### TASK OBJECTIVE
Would you print the records below from the first line through the line containing "Sites similar to autoibiza.com", skipping the pictures?

--- SUPPLIED RECORDS ---

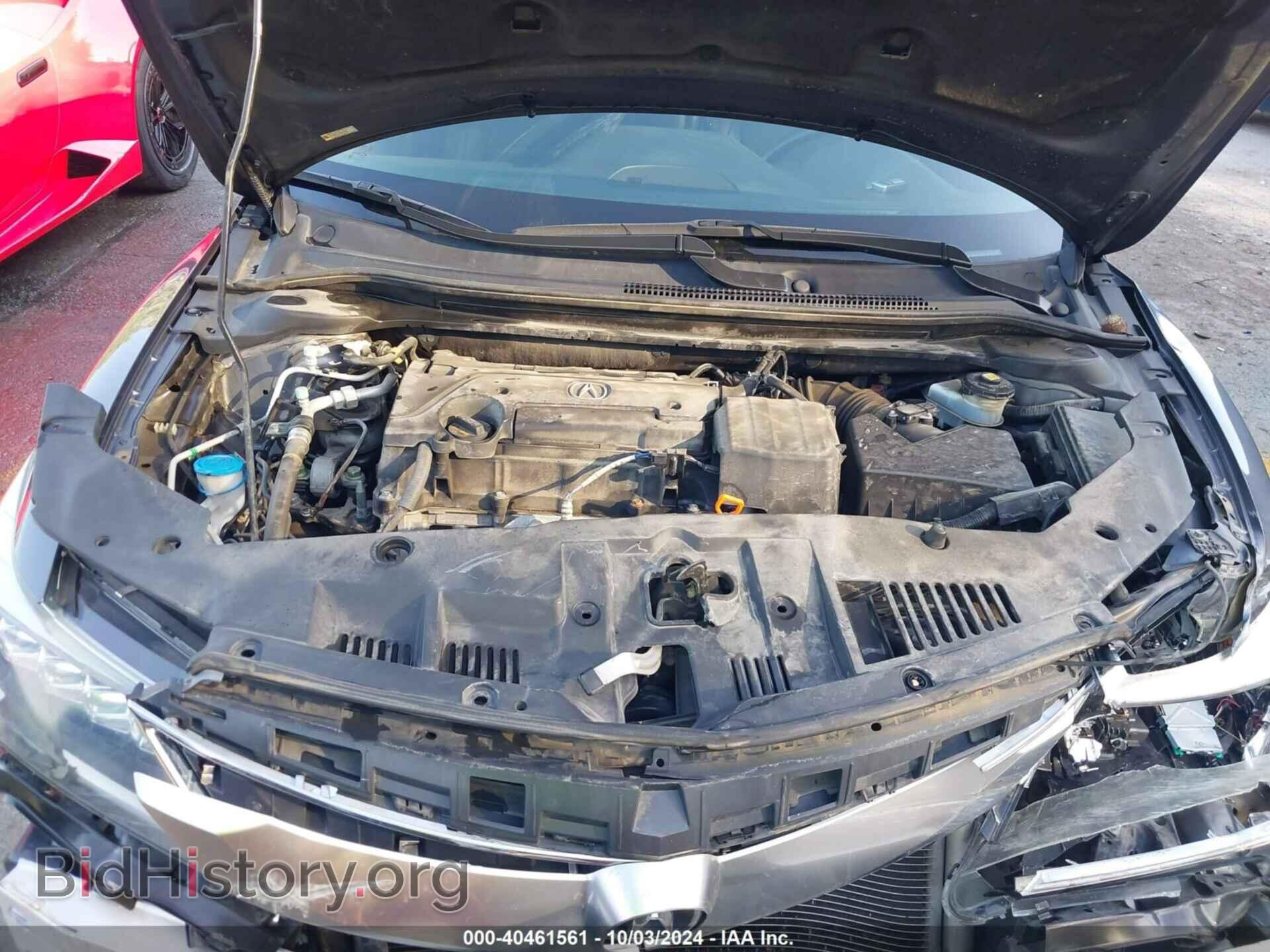 2017 ACURA ILX - VIN: 19UDE2F73HA012590 - Фото 10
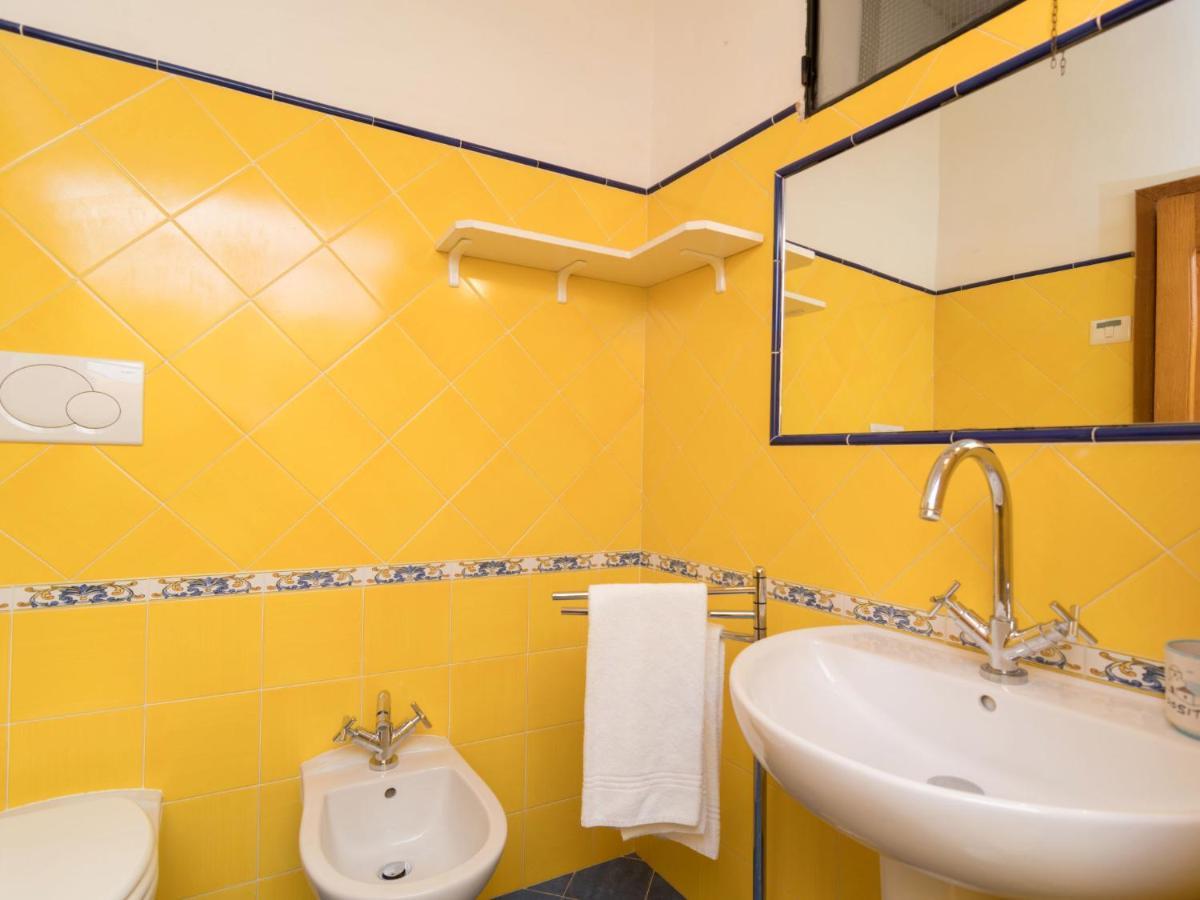 Apartment A'Scalinatella By Interhome Positano Kültér fotó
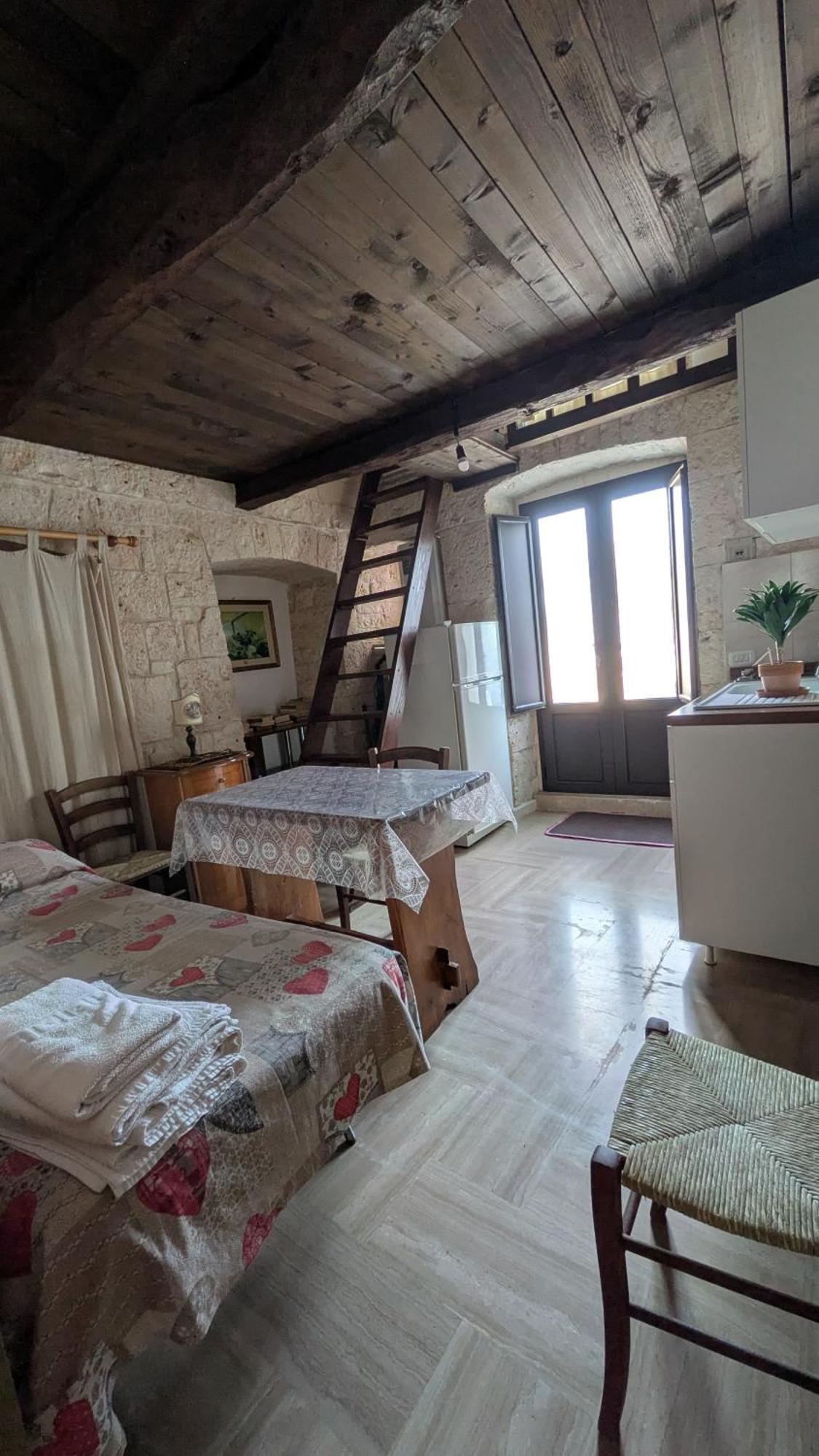 Trullo Malvisco Villa Alberobello Luaran gambar
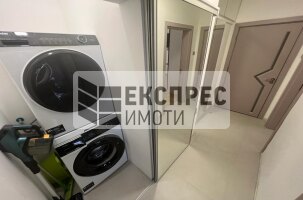 Обзаведен Двустаен апартамент, Окръжна болница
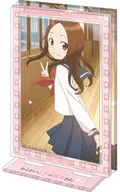 Soporte acrílico de Takagi "Karakai Jozu no Takagi-san 2"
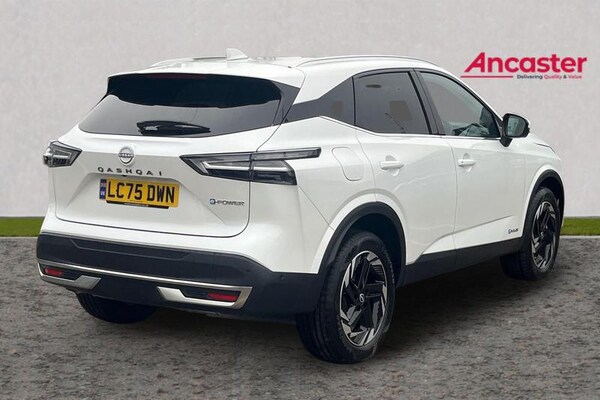 Used Nissan Qashqai 2025 for sale - 76271455: Photo 3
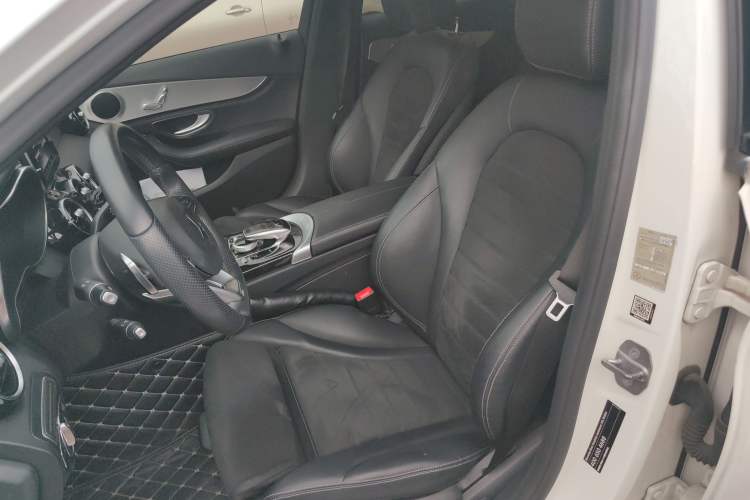 Used Mercedes-Benz C-Class 2018 C 200 Sport Edition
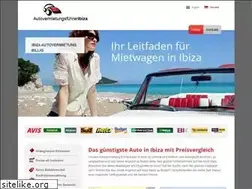 Sites similar to autoibiza.com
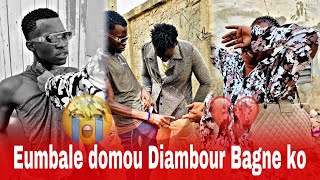 Une triste histoire  Eumbale Domou Diambour Bagne ko 😱😭  BAYE [upl. by Nyltyak]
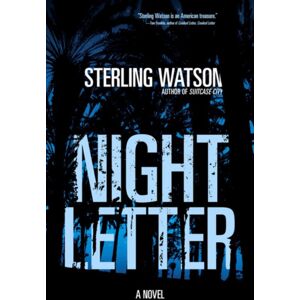 Akashic Books,U.S. Night Letter Akashic Books,U.S. Night Letter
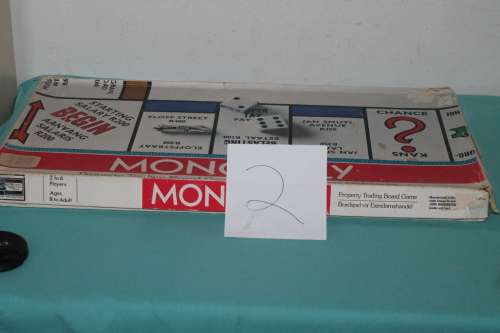 Monopoly has Eloff Street No 2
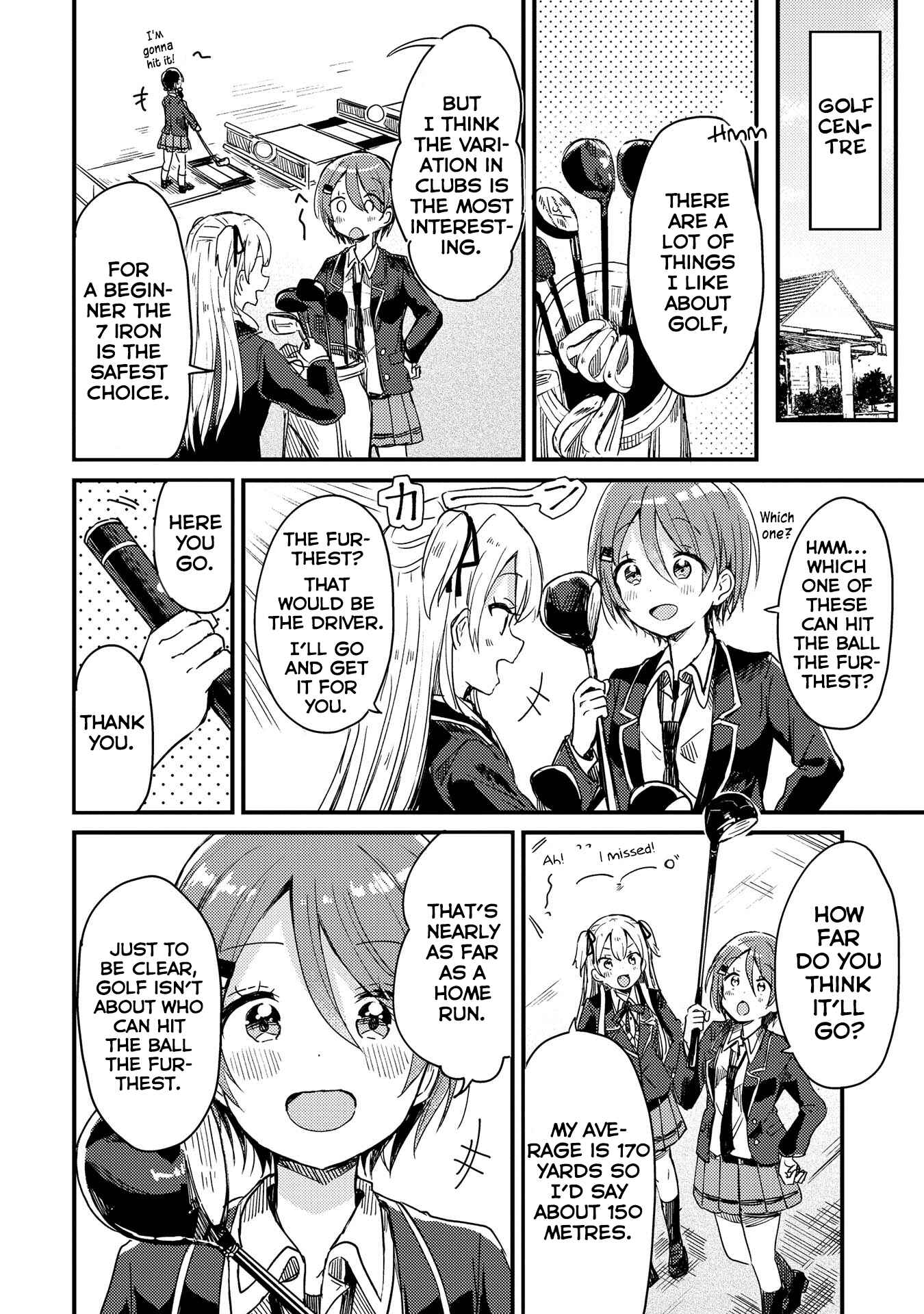 Page 18 Chapter 3 Swing!!
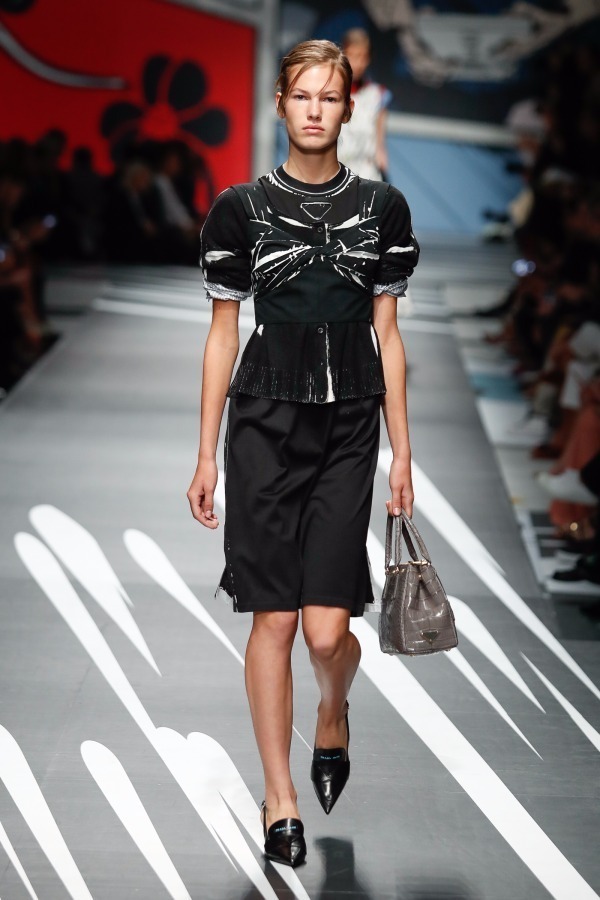 プラダ(PRADA) 2018年春夏ウィメンズコレクション  - 写真45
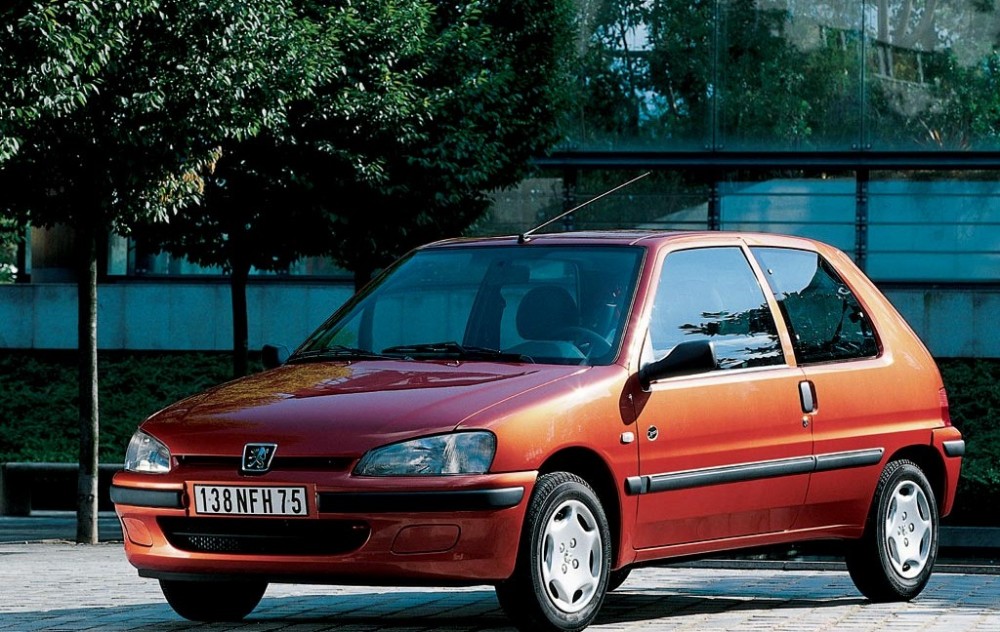 download Peugeot 106 workshop manual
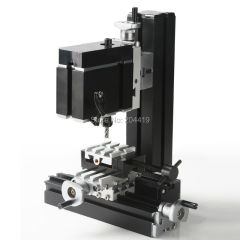 TZ6000MZGP 60W Electroplated Metal 6 in 1 Mini lathe with bow arm/60W,12000rpm Bow-arm 6 in1 Metal Lathe/Lathe kit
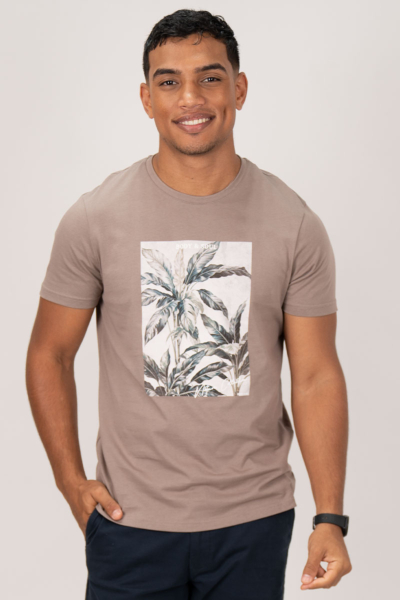 PRINTED T-SHIRT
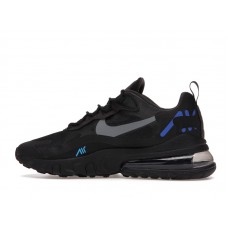 Nike Air Max 270 React Just Do It Black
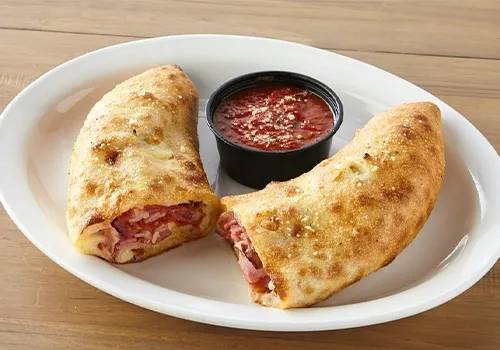 Order House Stromboli food online from Johnny's New York Style Pizza store, Dallas on bringmethat.com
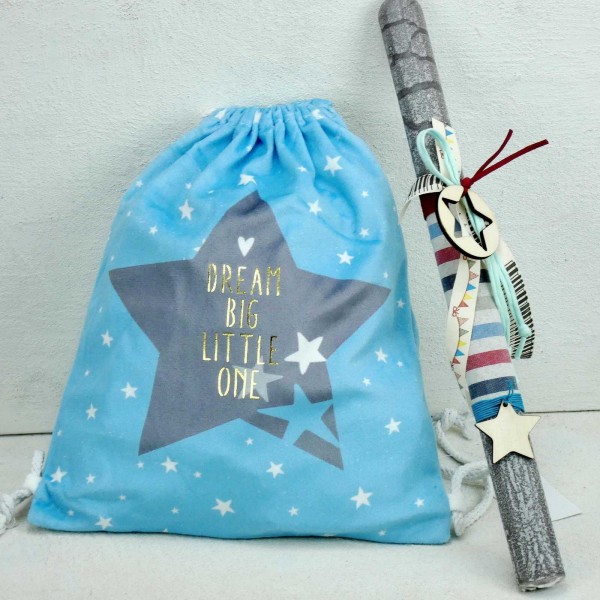 Λαμπάδα Dream big Little one Λαμπάδα Dream big Little one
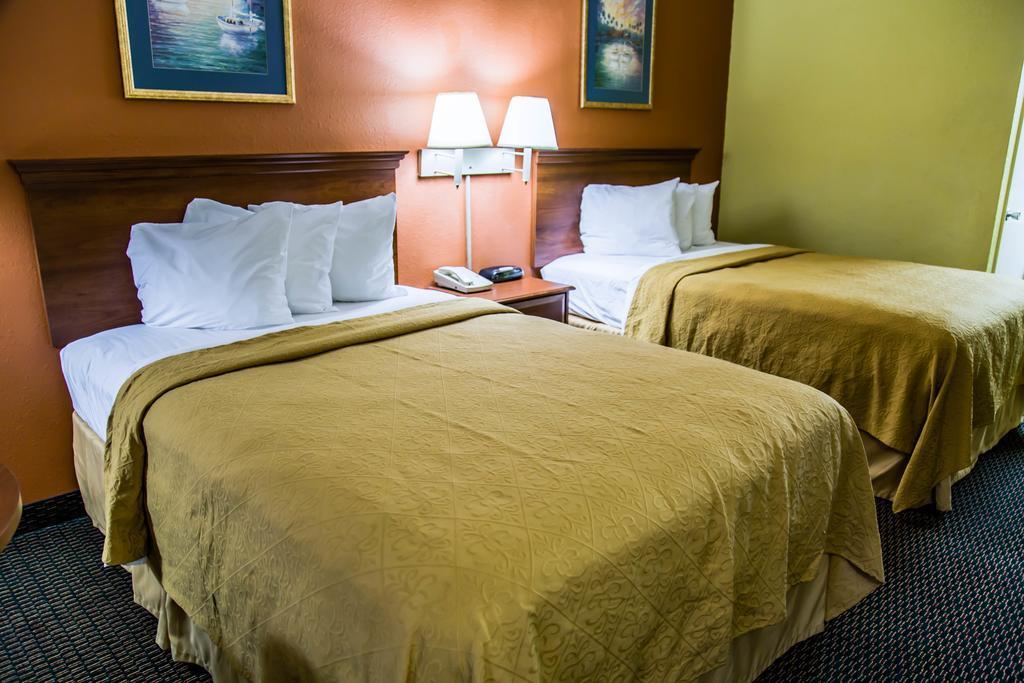 Quality Inn Bradenton - Sarasota North Exterior foto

---

### ANSWER SPACE
 2017 ACURA ILX - VIN: 19UDE2F73HA012590 - Фото 10
 Apartment A'Scalinatella By Interhome Positano Kültér fotó
 Trullo Malvisco Villa Alberobello Luaran gambar
 Обзаведен Двустаен апартамент, Окръжна болница
 Soporte acrílico de Takagi "Karakai Jozu no Takagi-san 2"
 Used Nissan Qashqai 2025 for sale - 76271455: Photo 3
 Used Mercedes-Benz C-Class 2018 C 200 Sport Edition
 Sites similar to autoibiza.com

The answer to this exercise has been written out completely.